= Irving Blum =

American art dealer

Irving Blum (born 1930) is an American art dealer, gallerist, and curator. He is best known for his leadership of the Los Angeles-based Ferus Gallery and for organizing Pop artist Andy Warhol's landmark exhibition of Campbell's Soup Cans in 1962. He played a significant role in the development of the postwar Los Angeles art scene and helped introduce emerging East Coast artists, including Jasper Johns, Roy Lichtenstein, and Frank Stella, to West Coast audiences

== Early life and career ==
Irving Blum was born in Brooklyn, New York and moved with his family to Phoenix, Arizona during his youth. After attending the University of Arizona and serving in the United States Air Force, he returned to New York City in 1955. There he met Hans Knoll, co-founder of the Knoll furniture company, who offered him a position at the firm's showroom on 57th Street. While working there, Blum developed an interest in contemporary art through frequent visits to nearby galleries. He also befriended art dealer David Herbert, who worked at the Betty Parsons Gallery and took him to artists' studios, including that of Ellsworth Kelly, whose work made a particularly lasting impression on him. Following the death of Knoll, Blum decided to pursue a career in the art business and relocated to Los Angeles, California in 1957.

== The Ferus Gallery ==
In 1958, Blum purchased Edward Kienholz's share in the Ferus Gallery for $500 and became a partner of gallery co-founder Walter Hopps. With financial support from patron Sayde Moss, the gallery relocated to a larger space on North La Cienega Boulevard.

Under Blum's direction, Ferus became one of the leading venues for contemporary art on the West Coast. The gallery exhibited prominent California artists, including Ed Ruscha, Robert Irwin, Larry Bell, Ken Price, and Billy Al Bengston, while also introducing works by New York artists such as Jasper Johns, Roy Lichtenstein, Frank Stella, and Andy Warhol.

Blum first met Warhol in New York in 1961 after receiving recommendations from art-world figures, including curator Henry Geldzahler and dealer Richard Bellamy. During a subsequent studio visit in 1962, Blum saw Warhol's Campbell's Soup Cans paintings in progress and proposed exhibiting them in Los Angeles. Warhol agreed, and the series was shown at Ferus Gallery in July 1962.

The exhibition consisted of 32 canvases, one for each variety of Campbell's soup then available. Blum installed the paintings in a line on a shelf, evoking the appearance of products displayed in a grocery store. During the exhibition, a few paintings were sold individually. Blum subsequently persuaded the purchasers to relinquish their claims so that the group could remain intact. He then acquired the entire set directly from Warhol through 10 monthly installments of $100. Blum later sold the complete series to the Museum of Modern Art in New York City, and it is considered one of the museum's most significant holdings of postwar American art.

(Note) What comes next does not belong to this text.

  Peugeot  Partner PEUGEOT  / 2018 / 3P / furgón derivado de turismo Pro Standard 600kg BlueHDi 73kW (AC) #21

Blum brought Warhol to Los Angeles for a second show at the Ferus Gallery in October 1963, which featured silkscreen portraits of Elvis Presley. Between 1963 and 1966, Blum organized further shows for artists such as John Mason, Lichtenstein, Ruscha, and Elsworth Kelly.

== Later career ==
After the closure of Ferus Gallery, Blum founded the Irving Blum Gallery, which operated from 1967 until 1973, when he relocated to New York City. The gallery became one of Los Angeles's leading venues for contemporary art and presented exhibitions by artists including Frank Stella, Dan Flavin, Robert Irwin, Ellsworth Kelly, Roy Lichtenstein, Robert Morris, Jasper Johns, Oskar Schlemmer, Richard Diebenkorn, and Andy Warhol. Art critic William Wilson described it as "one of the classiest Los Angeles showplaces," writing that it represented "the final evolution of the old Ferus Gallery" and "put L.A. art on a par with the best international modernism."

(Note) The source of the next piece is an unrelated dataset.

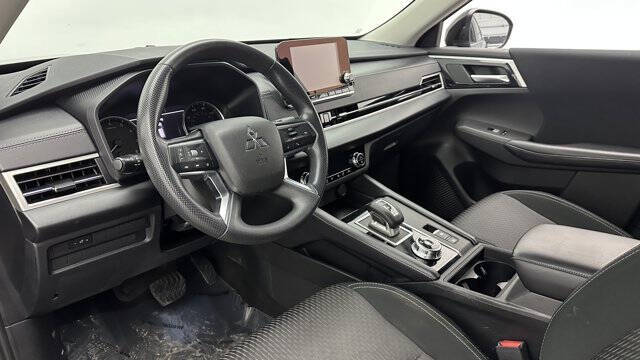 2024 Mitsubishi Outlander ES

In 1973, Blum partnered with dealer Joseph Helman to establish the BlumHelman Gallery in New York. When Blum retired in 1995, the gallery became the Joseph Helman Gallery. He subsequently returned to Los Angeles and continued working as a private art dealer and advisor.

== Personal life ==
Blum married art historian Shirley Hopps, the former wife of Walter Hopps. The couple had one son, Jason Ferus Blum, in 1969. They separated in 1974 and divorced in 1976. He is currently married to Jackie Blum, since at least 1996.